Proving that $\sqrt[n]{m}$ is irrational

Question

I want to make a proof that $\sqrt[n]{m} \quad \forall \quad m,n \in \Bbb N$ is irrational if $m$ cannot be expressed as a perfect $n^\text{th}$ power of some other number $z \in \Bbb N$.

Begin by saying it's unconditionally rational and hence:

$\sqrt[n]{m}=\dfrac{p}{q} \iff p, q \in \Bbb N$

$m=\dfrac{p^n}{q^n} \tag 1$

$mq^n=p^n$

Now say that $p=am^b , q=cm^d \iff a, b, c, d \in \Bbb N$

In this case $b$ and $d$ can be $0$

What you get now is:

$m(cm^d)^n=(am^b)^n$

$c^n \cdot m^{nd+1}=a^n \cdot m^{nb} \tag 2$

Looking at the exponents of $m$, one is always divisible by $n$ and another is not. Hence it is a contradiction to say that in a general case they'd be equal.

In an attempt to resolve this, say that indeed $m=z^n$.

Then:

$c^n \cdot z^{n(nd+1)}=a^n \cdot z^{n^2b} \tag 3$

And it is now possible, since the exponents are now both divisible by $n$.

To end, say that $q=cm^d=1$. Then it would suffice to show that $\sqrt[n]{m}=z=p$

If $q=1$ then $c=1, d=0$

And:

$1^n \cdot z^n=a^n \cdot z^{n^2b}$

$z^n=a^n \cdot z^{n^2b}$

The only way this equation can be satisfied is if $n=0$ or $a=z, b=0$. For the first it means that $\sqrt[n]{m}$ has a few technical problems are aren't all that interesting. For the second, it implies:

$p=am^b=zm^0=z$

Q.E.D

Is this a legitimate argument or is there some lacking in the generality I was aiming for? Additional info and advice would be appreciated.

Answer 1

You overlook simplifying assumptions. First if $r=(k^n\cdot m)$, then $\sqrt[n]{r}=k\sqrt[n]{m}$. Since an integer ($k$) times an irrational ($\sqrt[n]{m}$) is still irrational, you can assume that if you solve the question for all $m$ that have no factors which are $n$th powers, you have solved the entire problem. So you can assume $m$ has no $n$th power factors. Second, you can assume that the fraction $\frac{p}{q}$ is in its lowest terms, i.e. $\gcd (p,q)=1$. If it were not to begin with, there is no reason not to extract common factors to reduce the fraction to lowest terms.

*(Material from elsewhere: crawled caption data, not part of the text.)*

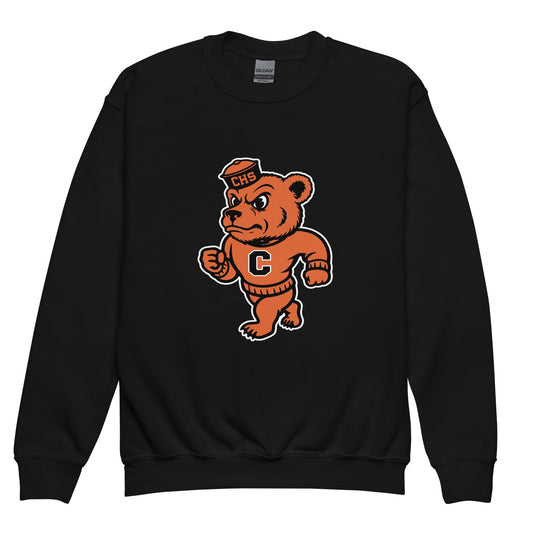 Classic | Youth Sweatshirt | Catholic High School | Bear Logo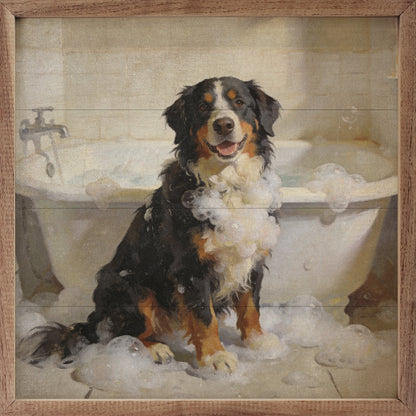 Bath Time Bernese Mountain Dog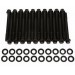 ARP Cylinder Head Bolt Kit (69-70 Ford Boss 302)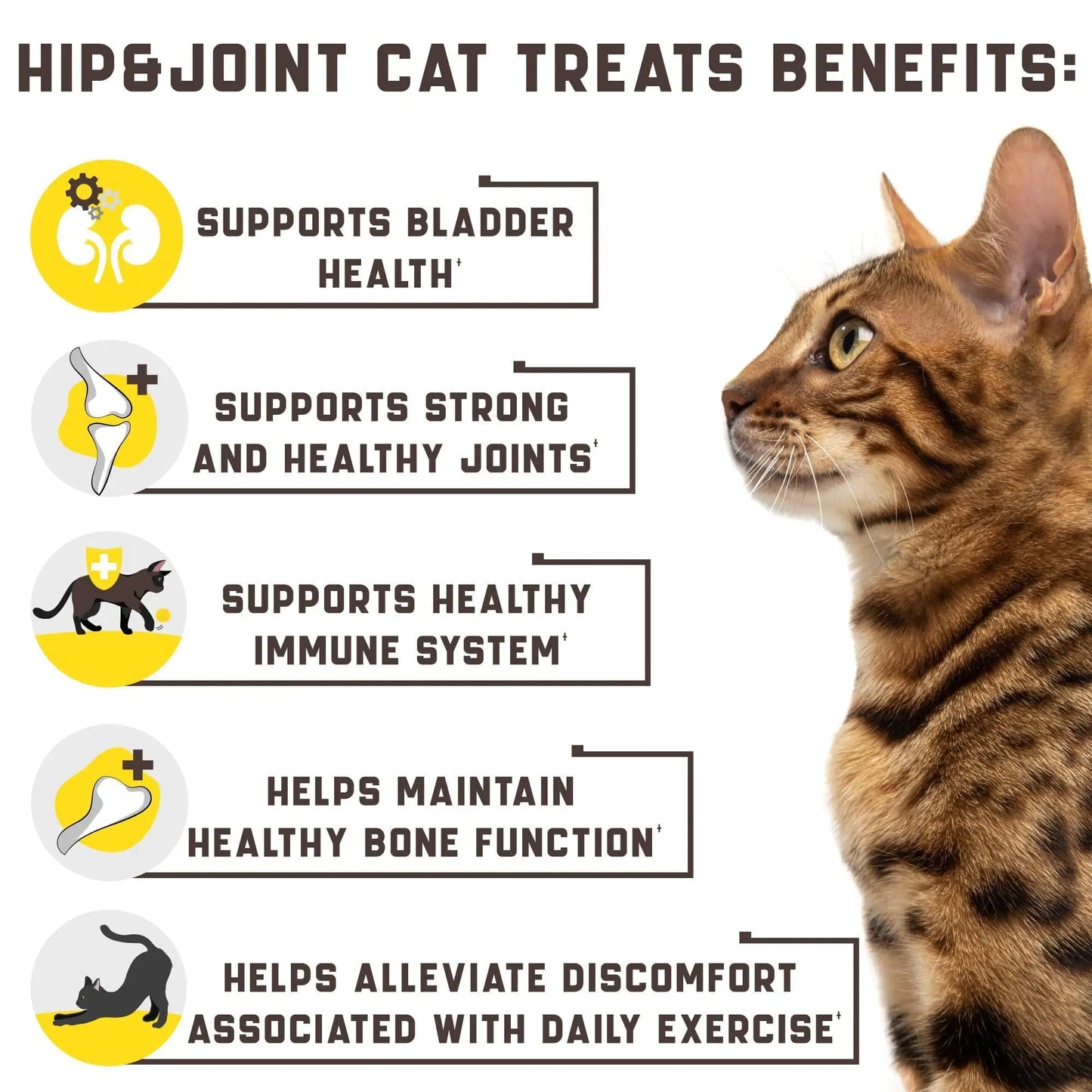 Natural Glucosamine for Cats Effective Cat Joint Supplement That Helps Improve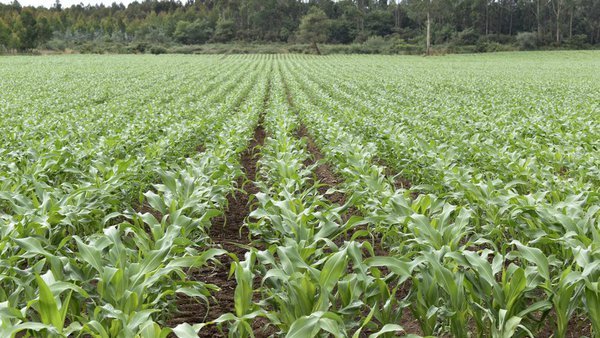 Biofertilización nitroxenada, a alternativa ao emprego dos fertilizantes minerais tradicionais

With that, you are essentially done. You give the rearranged equation (1), $mq^n=p^n$. By FTA, any factor of $p$ must be a factor of $mq^n$. By the second assumption, that factor cannot be a factor of $q$, so it must be a factor of $m$. But any factor of $p$ must be present in ($p^n$) $n$ times, so it must be present in ($m$) $n$ times. But by the first assumption, $m$ has no $n$th power factors, so that can't be the case either.

Answer 2

It seems overcomplicated.

Start with this equivalent statement, which is easier to read and understand (less negations):

If $\sqrt[n]{m}$ is rational, then $m$ is a perfect $n^\text{th}$ power of some natural number.

We have $mq^n=p^n$. Let $r$ be any prime. Then, by looking at the exponent of $r$ in the factorization of both sides, we get $$ v_r(m) + n v_r(q) = n v_r(p) $$ This implies that $v_r(m)$ is a multiple of $n$. And this is equivalent to $m$ being a perfect $n^\text{th}$ power.